_Task goal_:
Would you return exactly the lines below from the line with "er PORTABLE grill" through the line with "Ab ins Glück: Cristiano Ronaldo hebt ab.", both included, and nothing else, leaving out the pictures?
** Opening Provided entries block **
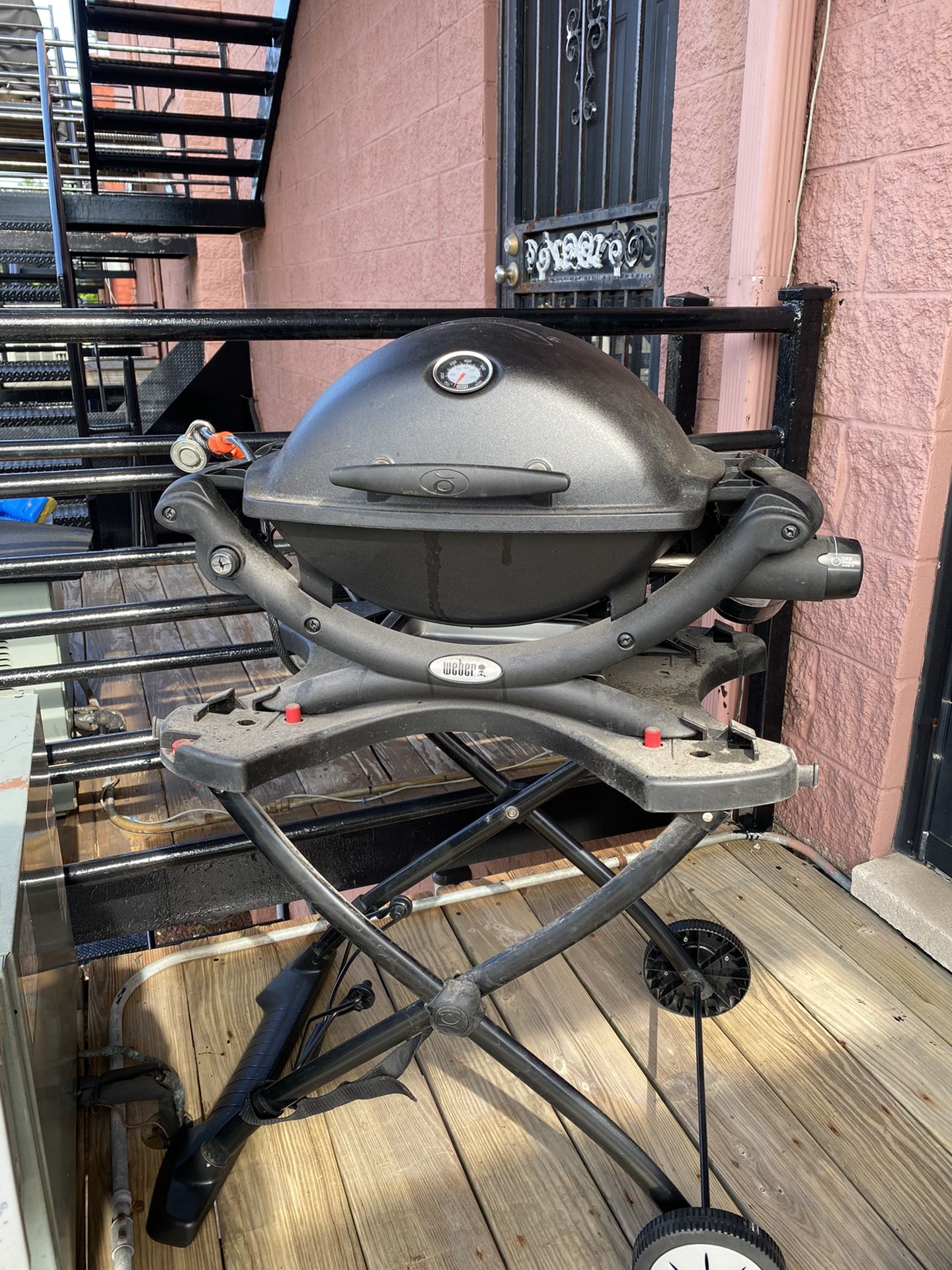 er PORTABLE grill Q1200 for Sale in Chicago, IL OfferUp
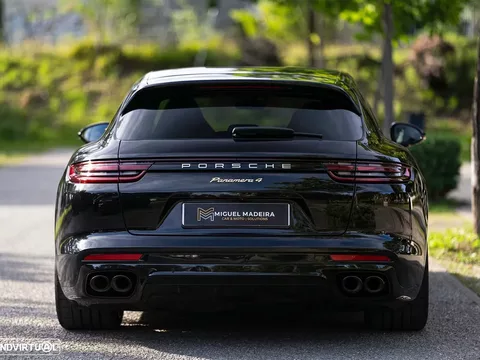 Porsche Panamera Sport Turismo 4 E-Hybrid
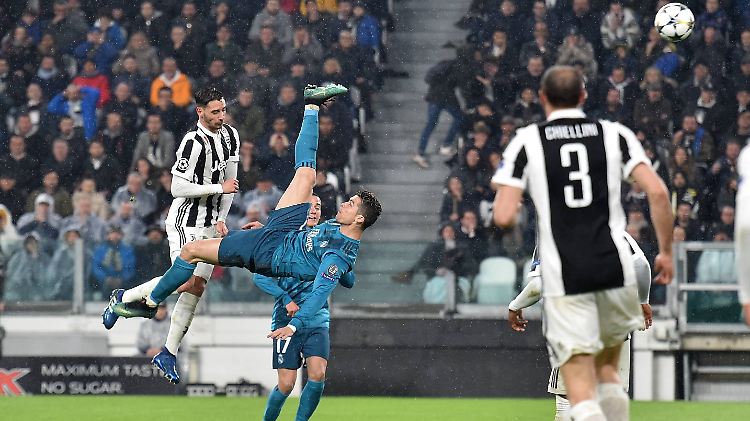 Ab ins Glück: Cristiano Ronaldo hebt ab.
** Closing Provided entries block **
** Opening Provided entries block **
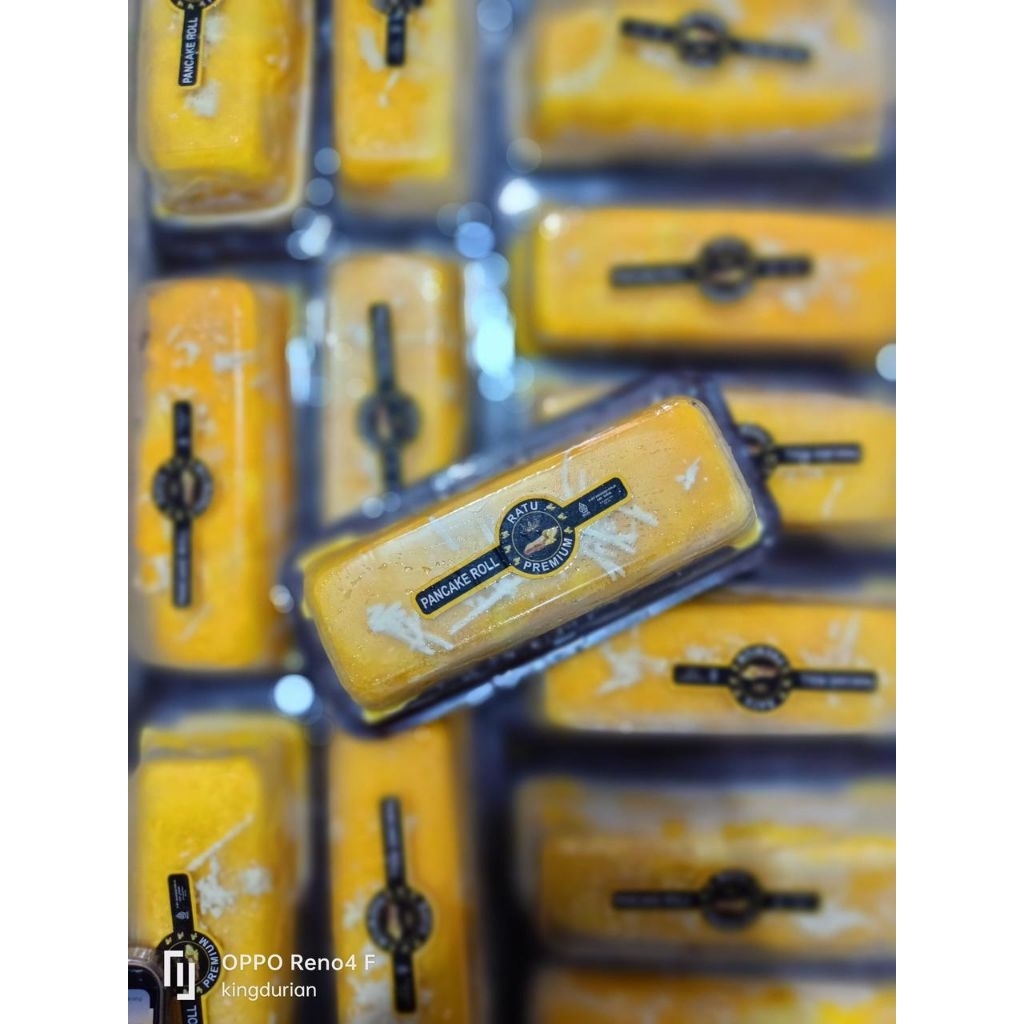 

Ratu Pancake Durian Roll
** Closing Provided entries block **
** Opening Provided entries block **
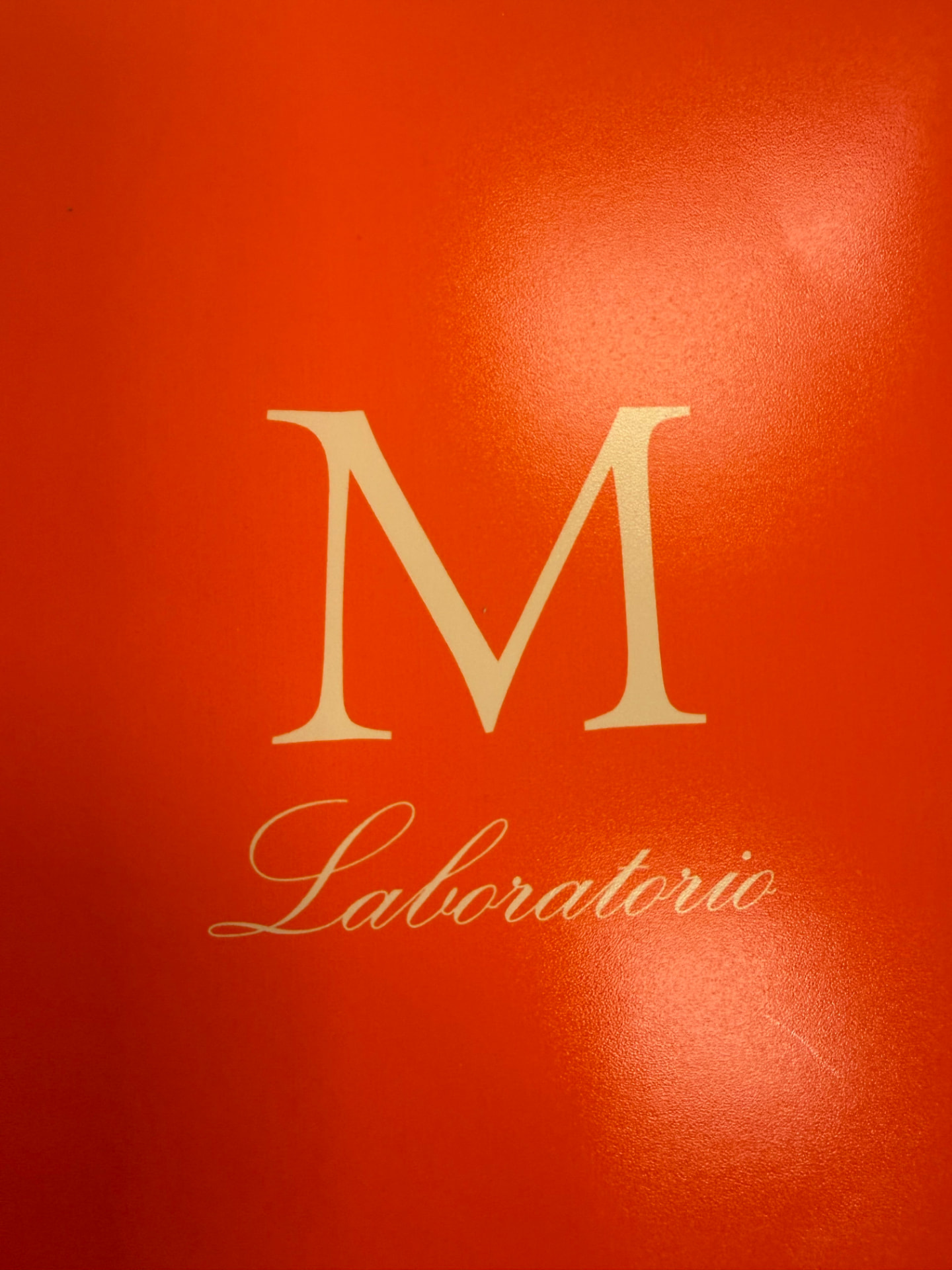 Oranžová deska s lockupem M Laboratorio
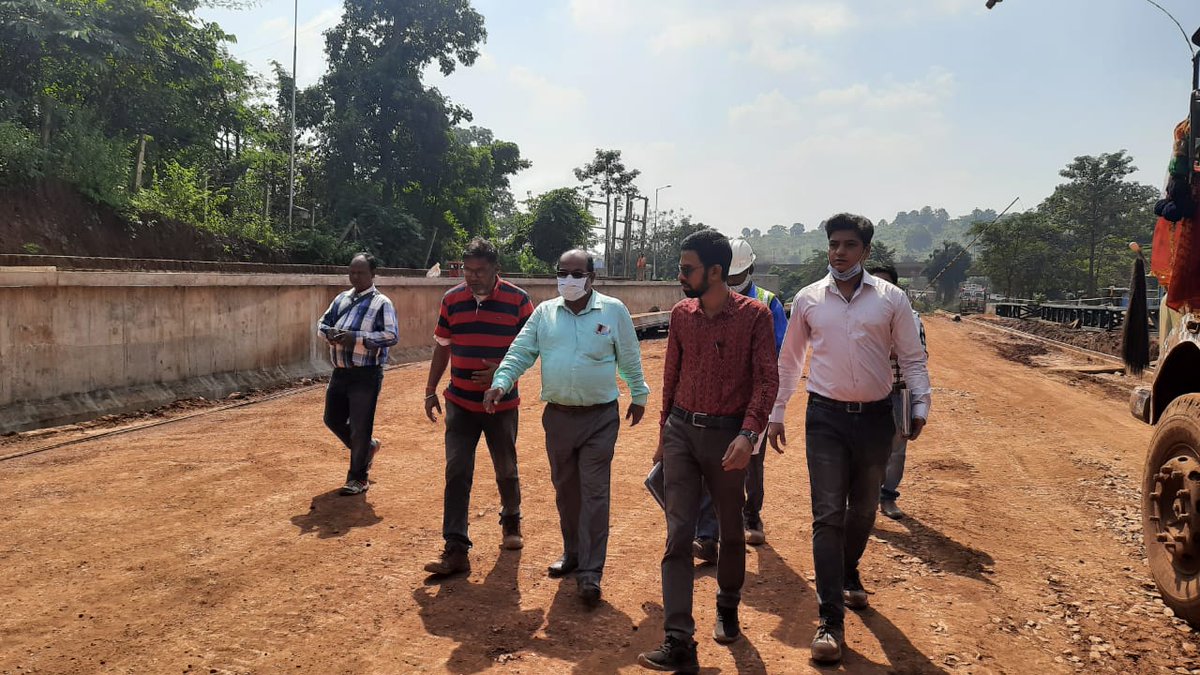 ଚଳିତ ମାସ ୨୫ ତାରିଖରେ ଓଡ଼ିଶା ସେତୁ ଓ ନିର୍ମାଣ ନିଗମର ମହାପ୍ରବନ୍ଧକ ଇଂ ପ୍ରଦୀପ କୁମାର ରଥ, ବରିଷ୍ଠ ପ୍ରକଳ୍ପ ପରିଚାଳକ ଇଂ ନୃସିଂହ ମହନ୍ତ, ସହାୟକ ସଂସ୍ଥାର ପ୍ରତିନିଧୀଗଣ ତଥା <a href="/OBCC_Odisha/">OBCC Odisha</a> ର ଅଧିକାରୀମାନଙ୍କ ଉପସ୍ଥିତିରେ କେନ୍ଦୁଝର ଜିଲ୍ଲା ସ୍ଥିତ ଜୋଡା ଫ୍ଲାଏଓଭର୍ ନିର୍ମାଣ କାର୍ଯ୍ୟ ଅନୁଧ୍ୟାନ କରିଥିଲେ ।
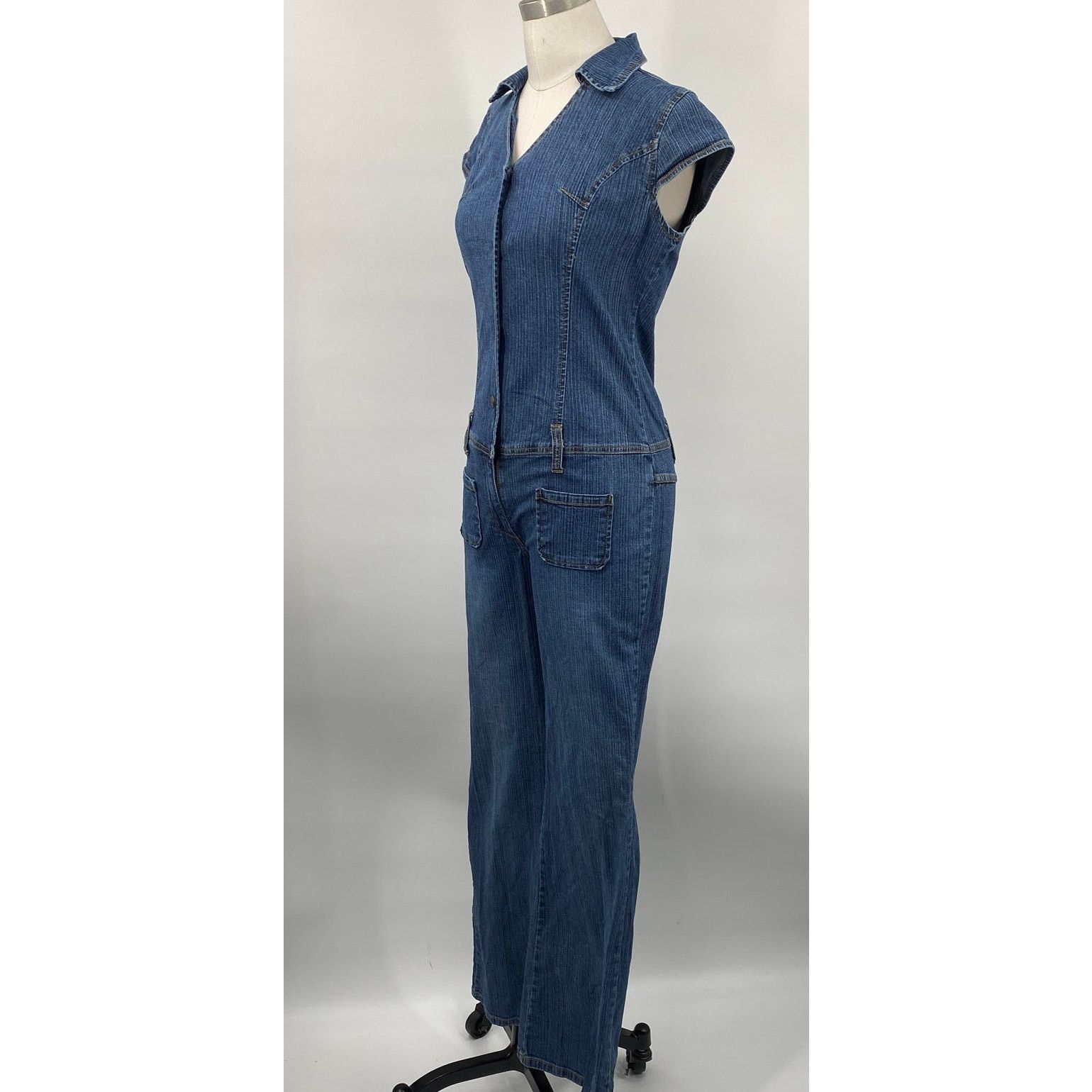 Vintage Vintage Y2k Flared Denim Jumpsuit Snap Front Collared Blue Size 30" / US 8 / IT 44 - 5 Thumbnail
** Closing Provided entries block **
_Exercise solution_:
 er PORTABLE grill Q1200 for Sale in Chicago, IL OfferUp
 Porsche Panamera Sport Turismo 4 E-Hybrid
 Ab ins Glück: Cristiano Ronaldo hebt ab.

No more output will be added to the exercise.